Massimo ha trovato il modo di scivolare con la sua raffinata eleganza, in un fluxus di idee in continua evoluzione nel loro sviluppo, suggerendo e completando le proprie architetture, ricche di luci, di segni, in una iridescente e caleidoscopica creatività, formante un mosaico, affermazione di spontaneità, semplicità, in tempi in cui il linguaggio diventa sempre più complesso e lo sviluppo di una diversa articolazione, l’affrontare strade nuove, deve anche poter significare non dover, ad ogni costo, cancellare i legami con un luminoso passato. Un poeta è chiamato a ripercorrere le proprie esperienze. Poesia è conoscenza intima, un teatro dell’intimità con tante sue quinte mobili veloci e silenziose. Segrete figure e segreti che spesso abitano in fondo a noi, immagini abbreviate di vite vive ma anche di astri spenti, piccoli viventi e piccoli morti, che resistono in noi tenacemente o per sempre, spesso parole singole, lampi inspiegabili, unici, ma indelebili. E’ questo il goal di Diego Armando, è l’istante. Quell’istante che vale non per quello che seguirà o si prevede che segua, ma di per sé. “Pare che “istante” significhi qualche cosa di simile: ciò da cui qualche cosa muove…” (Platone: Parmenide 156d). Solo su questo assunto la discesa a rete di Maradona, fuori del tempo seppur velocissima, può trasformarsi in tema musicale, in un dolente ed ossessivo tango.

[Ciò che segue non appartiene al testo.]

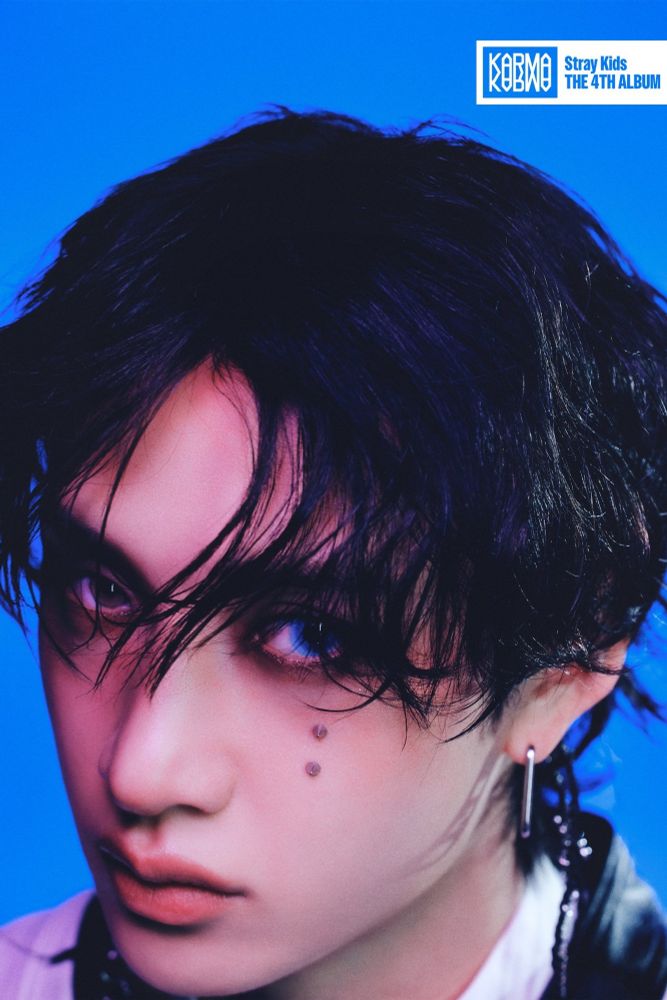 Bang Chan promo for KARMA, in which one of his eyes has an unsettlingly saturated blue contact in. It almost glows under his bangs. He also has some kind of improbable vertical reverse eyebrow piercing under said eye. 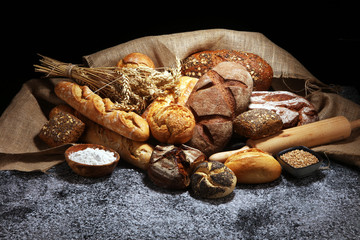 Assortment of baked bread and bread rolls on rustic grey bakery table background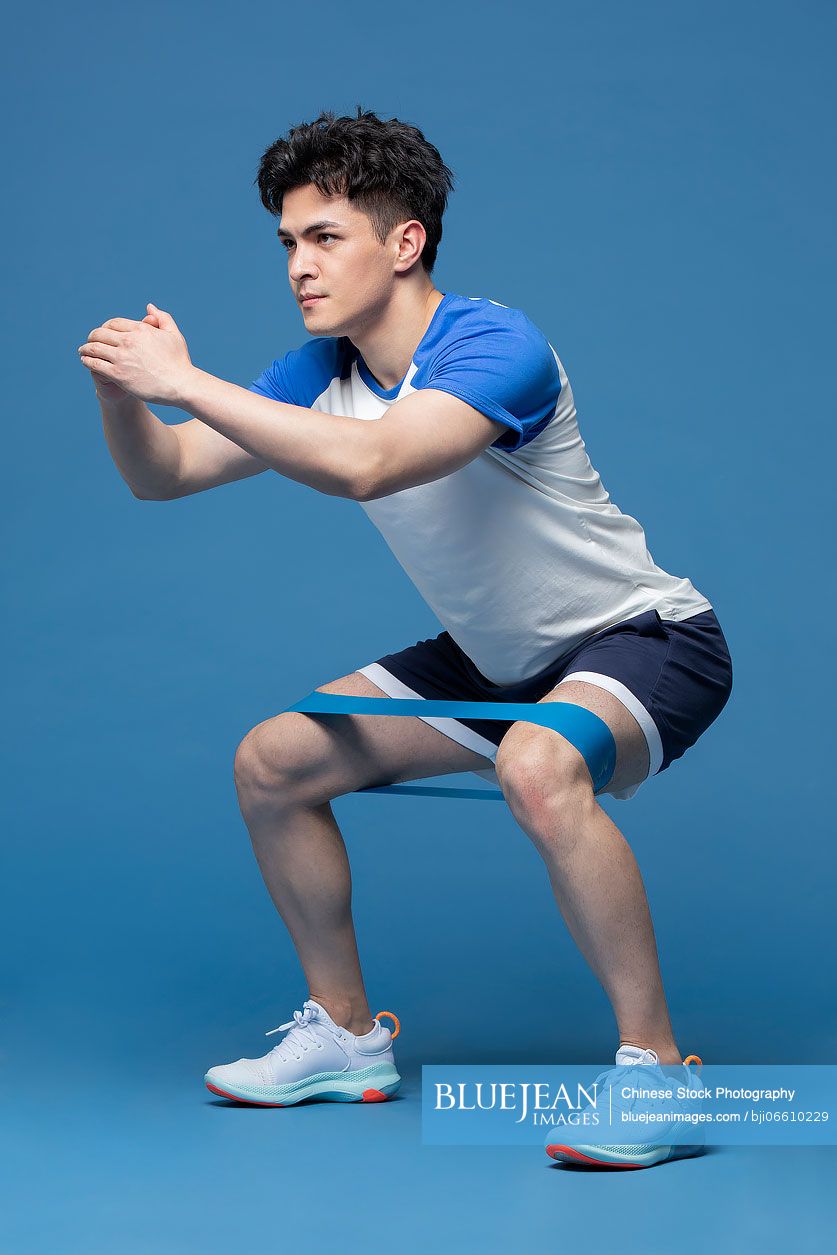 Studio shot of young Chinese man exercising with resistance band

Fermo immagine: è l’istante dello sport, come quello dell’arte, della poesia, l’atto, la vita stessa nella sua pienezza, o, con linguaggio nietzschiano, il dionisiaco. Il punto di riferimento filosofico è pur sempre Bergson e la sua contrapposizione tra tempo-vissuto, tempo interiore e tempo-spazio, seguendo le cui tracce, sia tra le linee del rettangolo di gioco, o su di un palcoscenico, ascoltando il “Respiro dell’attore”, il suo ritmo, o su di un pentagramma o ancora su di un quadro, si gioca la partita della vita. Ci sono linee d’ombra, davanti alla quale si è attratti dall’incanto dell’esperienza universale da cui ci si attende di trovare una sensazione singolare o personale, un po’ di se stessi. Con le due attrici i musicisti: i titoli celeberrimi, da “Indifferentemente” a “Pigliate na’ pasticca”, sino alla più bella di tutte “Era de maggio”, con il trio interprete d’atmosfere e di emozioni, che ha saputo donare un prezioso talismano per farci procedere, attraverso piccole ebbrezze, profumate d’oriente, riproponendo insieme al verso di Massimo, non solo un mondo percettibile, bensì l’immagine profonda delle cose.